Will man dem Verlauf des Zeitgeschehens auf die Schliche kommen, ist man gut beraten, in den Chroniken etwas zurückzublättern. Schnell zeigt sich dann, dass vieles, über das wir vielleicht ein wenig erstaunt die Stirn runzeln, das kalte Ergebnis von Entscheidungen ist, die in der Vergangenheit gemacht wurden. Ja, auch im Hinblick der bis zum Erbrechen wiederholten Formulierung über den völkerrechtswidrigen Angriffskrieg Russlands auf die Ukraine ist das so. Und ja, ich bekenne, ich habe meine eigenen Aufzeichnungen vor allem aus den Jahren 2013/14 wieder hervorgeholt und mir die aus meiner damaligen Sicht betrachteten Geschehnisse um den Maidan und den Regime Change in der Ukraine angesehen.
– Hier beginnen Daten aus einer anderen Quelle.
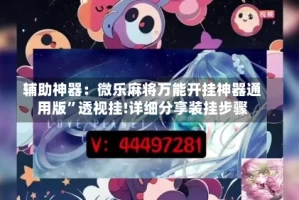 辅助神器：微乐麻将万能开挂神器通用版”透视挂!详细分享装挂步骤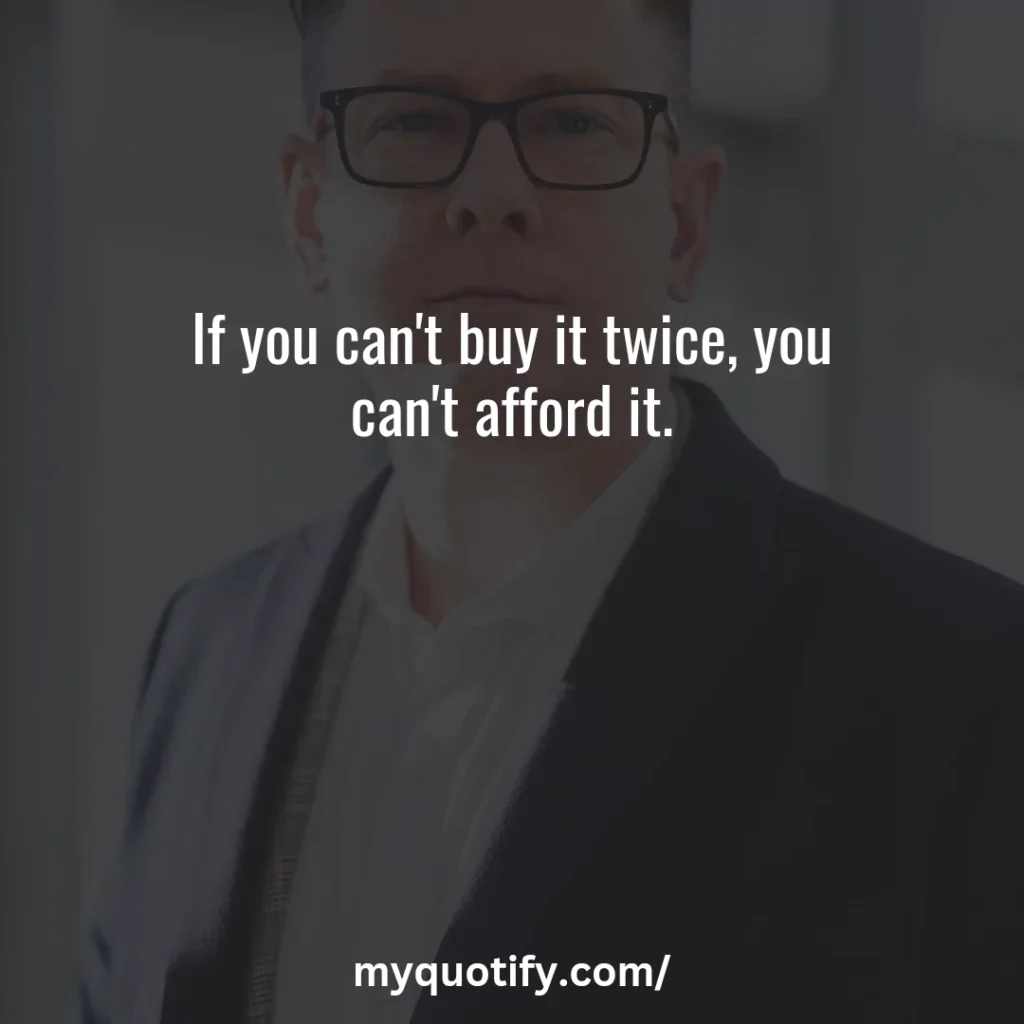 If you can't buy it twice, you can't afford it.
Das, was ich nahezu verdrängt hatte, stand dort schwarz auf weiß: Alles, was jetzt wie eine völlig irrationale Handlung des russischen Präsidenten Putin dargestellt wird, ist von langer Hand vorbereitet gewesen. Ich habe das damals so gesehen und es hat sich bestätigt. Und das liegt nicht an meiner überaus weisen Voraussicht, sondern an Evidenz. Die Dokumente sind auf diesem Blog zu lesen.

Es ist so eine Sache, wenn festgestellt werden muss, dass die Politik der eigenen Regierung von langer Hand auf einen militärischen Konflikt angelegt war. Da gibt es leider keinen Zweifel. Die  damalige Bundeskanzlerin Angela Merkel hatte noch kürzlich in einem Interview mit der ZEIT gebeichtet, dass die Verhandlungen zum Minsker Abkommen nur geführt wurden, um der Ukraine Zeit zu verschaffen, um aufzurüsten. Und der damalige Außenminister Steinmeier, heute Bundespräsident, war maßgeblich an diesemTäuschungsmanöver beteiligt. Dementis gibt es nicht. Nachgehakt wird seitens der abgetakelten Presseorgane auch nicht. 

Als sich aktuell hier Stimmen zu Wort meldeten, dass man möglichst schnell zu einem Waffenstillstand kommen müsse, um das Töten zu beenden, sprang die ganze moralinsaure und von kolonialem Sendungsbewusstsein durchtränkte Meute, deren ultima Ratio in der Lieferung von Waffen besteht, an den Zaun und fauchte mit hysterischer Stimme, dass sei Friedensgeschwurbel, Defätismus, Agententum. Mit so einem Zeitgenossen wie Putin könne man nicht verhandeln, weil der es nicht wolle. 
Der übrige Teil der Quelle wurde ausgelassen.